More importantly, understand and ensure that contracts and service level agreements work for you and suit your requirements. A great deal of assurance can be had from simply reviewing standard contracts and having frank discussions with solution providers.

Know and understand the challenges, then ask the question

When moving deeper into the cloud, businesses must be sure to meet key challenges. The first is ensuring proper security and data resilience regimes. The second is the much asked question of data sovereignty. Ask where your data is going to end up.  There can be good reasons for keeping data in the country, or even in a particular state.  The question is; what is the right place for the right workload? There is a scare about data sovereignty, but the reality is that it is very controllable and there are many different ways of managing the risks.
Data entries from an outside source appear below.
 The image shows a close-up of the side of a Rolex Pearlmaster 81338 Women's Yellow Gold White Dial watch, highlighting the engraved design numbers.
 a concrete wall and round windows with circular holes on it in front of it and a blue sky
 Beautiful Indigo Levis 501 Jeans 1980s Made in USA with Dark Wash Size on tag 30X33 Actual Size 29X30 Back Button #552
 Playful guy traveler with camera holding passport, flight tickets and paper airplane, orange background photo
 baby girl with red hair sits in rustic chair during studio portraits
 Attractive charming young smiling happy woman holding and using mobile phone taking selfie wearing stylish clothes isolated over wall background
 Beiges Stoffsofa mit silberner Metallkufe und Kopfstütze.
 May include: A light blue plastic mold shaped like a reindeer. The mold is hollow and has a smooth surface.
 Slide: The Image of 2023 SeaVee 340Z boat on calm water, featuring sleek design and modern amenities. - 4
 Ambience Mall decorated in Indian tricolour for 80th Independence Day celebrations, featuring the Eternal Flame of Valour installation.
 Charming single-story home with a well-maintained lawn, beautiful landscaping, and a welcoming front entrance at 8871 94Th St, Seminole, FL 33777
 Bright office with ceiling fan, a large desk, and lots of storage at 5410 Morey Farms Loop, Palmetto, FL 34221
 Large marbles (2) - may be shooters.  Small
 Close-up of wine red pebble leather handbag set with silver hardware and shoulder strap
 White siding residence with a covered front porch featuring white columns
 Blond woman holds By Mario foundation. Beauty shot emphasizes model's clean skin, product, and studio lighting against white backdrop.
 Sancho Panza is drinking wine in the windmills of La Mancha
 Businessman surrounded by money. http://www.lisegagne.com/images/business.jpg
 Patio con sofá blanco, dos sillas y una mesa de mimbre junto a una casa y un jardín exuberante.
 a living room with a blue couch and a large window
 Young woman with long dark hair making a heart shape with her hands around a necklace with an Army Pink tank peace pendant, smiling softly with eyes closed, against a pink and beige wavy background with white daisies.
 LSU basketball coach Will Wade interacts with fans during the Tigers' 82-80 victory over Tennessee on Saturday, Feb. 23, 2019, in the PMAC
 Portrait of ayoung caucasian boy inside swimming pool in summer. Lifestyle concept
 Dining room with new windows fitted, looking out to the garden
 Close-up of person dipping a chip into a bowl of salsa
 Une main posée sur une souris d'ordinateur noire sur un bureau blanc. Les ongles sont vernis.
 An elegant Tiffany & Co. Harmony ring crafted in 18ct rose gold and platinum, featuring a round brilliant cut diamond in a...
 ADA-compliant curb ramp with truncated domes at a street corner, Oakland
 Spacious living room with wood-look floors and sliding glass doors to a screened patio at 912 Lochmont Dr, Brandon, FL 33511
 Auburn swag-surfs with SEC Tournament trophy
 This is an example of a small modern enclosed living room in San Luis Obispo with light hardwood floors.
The biggest myth is that the cloud cannot be secure. Of course nothing is without a risk, but the cloud does not necessarily mean increased risk from on-premise security. Cloud providers should have more resources and know-how to invest in the security of their systems than most businesses.

Another myth around cloud computing is the notion that businesses will find it almost impossible to change cloud providers. As mentioned above, checking vendor references in depth can help eliminate fears. So can having a frank discussion with the solution provider on these questions:

  • How will our data be returned if our contract is terminated?
  • If we move to another solutions provider, how will the data be moved and how hard will it be to do so?

Know your options and choose the right cloud solution for your business

Cloud computing is transforming the role of IT.  IT departments are becoming more like service providers to the business, and in the process are shifting a wide range of systems into the cloud. Hybrid approaches to the cloud deliver enormous flexibility, allowing businesses to transition into the cloud in ways that allow them to continue to leverage existing investments in things like infrastructure and staff skills.

If there is a standout trend in cloud computing, it’s the private cloud. Private clouds share many of the characteristics of their public counterpart (such as resource pooling, self-service, elasticity and pay-per-use) but they also give businesses more control of their data through the use of dedicated physical resources. With a private cloud, businesses can consolidate and share IT resources, managing them more efficiently while improving their ability to deliver services. IT teams can be more responsive through increased agility and cost efficiency.

Due diligence dissolves many myths

In the end, it’s all about checking references, solid contracts, enabling a precise fit of functionality for your business, and ensuring that you have the freedom to access, back up and move your data as you see fit. If you can be sure of that after an extensive review of potential cloud solution providers, you can dismiss these fears about cloud computing and focus on implementing best practices.